We still don't have the Entry/Exit program mandated by law years ago to keep track of foreigners entering our country. How can you have a guestworker when you don't know if he went home?

Instead of pressing the Federal government to enforce the law and implement a workable system and program, all these farmers just continued to hire known illegal aliens and to fight any attempt to reform this mess. The politicians are too lame to do anything except sweep their incompetence under the carpet with amnesty after amnesty because it is easy for them.

AgJobs is nothing more than a backdoor illegal alien amnesty that the American people have already decided they don't want any part of. You don't reward people by giving them what they broke the law to get.

The ag business always just wanted cheap, disposable workers that they have no responsibility for and can hire fast with no strings attached. Legal or illegal...they will do what they can get away with.

Now we see what was sown is what is reaped. It's a free market and they are darn sure free to pick up their marbles and farm down in Mexico (or elsewhere) if that is where things work out best for all concerned.

The American people are the real losers in this madness, incompetence, and corruption.

The part that I have bolded is the part that I really disagree with.
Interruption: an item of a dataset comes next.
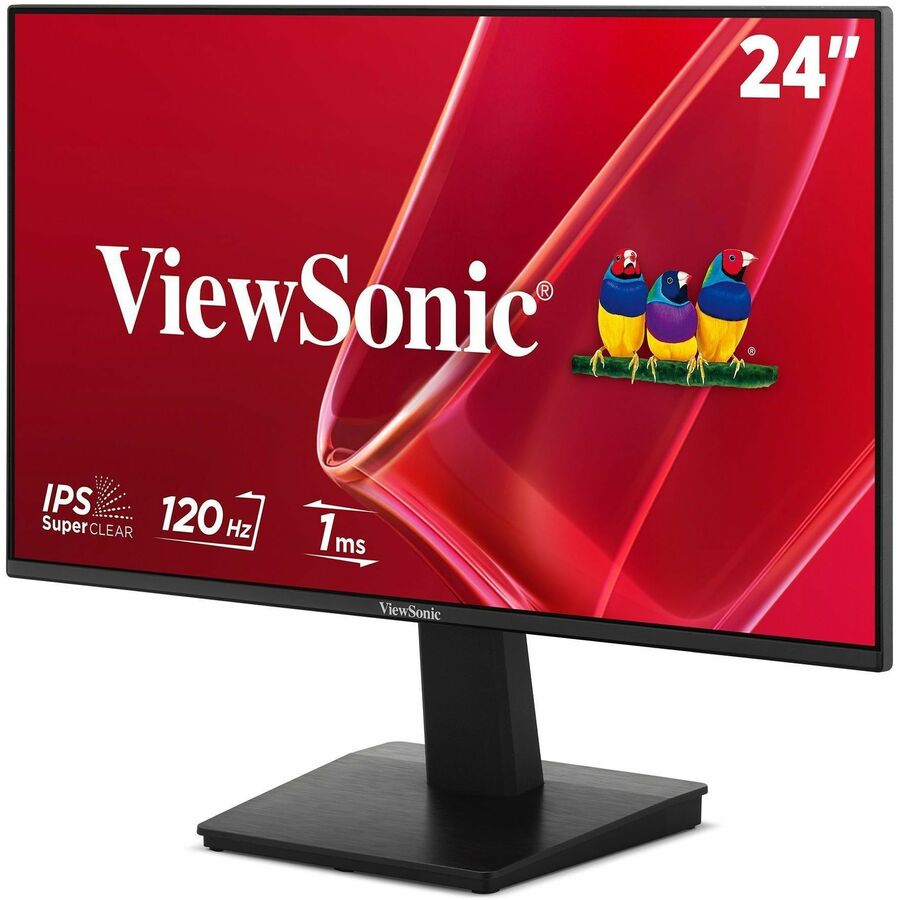 Left Image for ViewSonic VA2448-MH 24 Inch 1080p Monitor, IPS Display with 120Hz for Smooth Home and Office Viewing, Variable Refresh Rate, HDMI, and VGA Inputs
There might be some farmers who are looking for farm help in this way but there are a lot of farmers who really are decent (I'm talking family farmers not corporate farms) I grew up in rural Wisconsin and my dad has been involved in agriculture development for most of his life (grew up on a farm) and works for the U of WI in ag development. The majority of family owned farms really do treat their workers good, legal or not. They provide room and board for most of them as well as pay. They treat them like family and from what they say, they work harder than you can imagine side by side with any American farmhands they might have. Also much to many of your shigrin , they are not on American welfare or any other services, they try to stay as under the radar as possible - signing up for food stamps really targets you. Also those using fake SS#'s etc pay taxes just like you and I and they will most likely never see any of that money so I think that everyone should really get their facts in order before they start lambasting illegal immigrants. I used to really sympathize with illegal immigrants, and to some extent I still do, considering how difficult it was for my husband and I to be together through the legal immigration process and the number of times I thought "gee maybe I should just get him to Mexico and let him come that way it sure must be easier". We all know how confusing and expensive the immigration process was for us, so imagine being a poor rural Mexican farmer who wants to give himself and his family a better life, he probably can't read Spanish let alone English, what are the odds of him doing the paperwork correctly and then getting approved for a visa? Not much. Let's face it we need low level workers for our industries, and like it or not illegal immigrants provide it. The immigration system needs to be re-vamped and stop scapegoating the messy system on the immigrants.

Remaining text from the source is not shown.